Mississippi House of Representatives
- Members: 24
- Speaker: Thomas Barnes

= 1st Mississippi Legislature =

1817 to 1818 legislative session

The 1st Mississippi Legislature met between October 6, 1817 and February 6, 1818, first in Washington and then in Natchez, Mississippi.

== Background ==
Elections were held on September 17, 1817. Senators and representatives first convened in Washington, Mississippi, between October 6 and October 9, 1817. They then met in Natchez, Mississippi, on December 8, 1817. The Senate adjourned on February 4, 1818.

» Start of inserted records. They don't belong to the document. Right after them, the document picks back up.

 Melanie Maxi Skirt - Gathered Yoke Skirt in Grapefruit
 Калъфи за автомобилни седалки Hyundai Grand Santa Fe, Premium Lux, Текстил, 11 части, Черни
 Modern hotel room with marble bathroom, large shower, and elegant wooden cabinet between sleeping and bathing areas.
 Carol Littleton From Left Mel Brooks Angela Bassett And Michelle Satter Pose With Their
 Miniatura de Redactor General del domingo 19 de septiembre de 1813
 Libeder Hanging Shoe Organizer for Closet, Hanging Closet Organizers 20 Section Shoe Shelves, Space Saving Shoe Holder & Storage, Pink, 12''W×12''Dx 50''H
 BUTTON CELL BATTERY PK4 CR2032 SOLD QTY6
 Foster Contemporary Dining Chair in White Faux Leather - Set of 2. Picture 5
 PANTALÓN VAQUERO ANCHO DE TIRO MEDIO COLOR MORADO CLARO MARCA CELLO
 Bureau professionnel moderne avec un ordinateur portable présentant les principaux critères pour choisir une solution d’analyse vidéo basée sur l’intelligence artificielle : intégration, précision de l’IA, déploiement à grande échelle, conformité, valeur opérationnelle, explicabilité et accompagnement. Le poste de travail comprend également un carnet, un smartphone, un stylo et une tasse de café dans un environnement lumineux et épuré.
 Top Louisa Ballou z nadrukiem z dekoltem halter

Senators were to be elected to staggered three-year terms. Lots were drawn to determine how many years each senator's term would last (including the first session) before re-election.

== Senate ==
Two senators, Duncan Stewart and David Dickson, resigned during the recess in between October and December. Joseph Johnson was sworn in to replace Stewart (who had been elected lieutenant governor) on December 9, 1817. Stewart, who was sworn in on December 9, 1817, became the ex officio president of the Senate. Nathaniel Wells was sworn in to replace Dickson on January 2, 1819. The House adjourned on February 6, 1818.

| Counties | Senator(s) | Term Years before Next Election |
| Adams | Henry Postlethwaite | 2 |
| Amite | David Lea | 2 |
| Jefferson | Hezekiah J. Balch | 1 |
| Wilkinson | Duncan Stewart (Oct-Dec. 8, 1817) | 3 |
Joseph Johnston (Dec. 1818–1819)
| Franklin, Pike | David Dickson (Oct-Dec 8, 1817) | 1 |
Nathaniel Wells (January 2, 1819)
| Lawrence, Marion, Hancock | Charles Stovall | 1 |
| Warren, Claiborne | Daniel Burnet | 3 |
| Wayne, Greene, Jackson | Josiah Skinner | 2 |

== Mississippi House of Representantatives ==
The House met alongside the Senate on October 6, 1817. On that day, Thomas Barnes of Claiborne County was elected Speaker of the House. Then, non-representatives Peter A. Vandorn and John Lowry were elected to the offices of House clerk and doorkeeper respectively. One representative, Benjamin Bullen, resigned in between the October and December meetings. Cowles Mead was sworn in to replace Bullen on December 8, 1817.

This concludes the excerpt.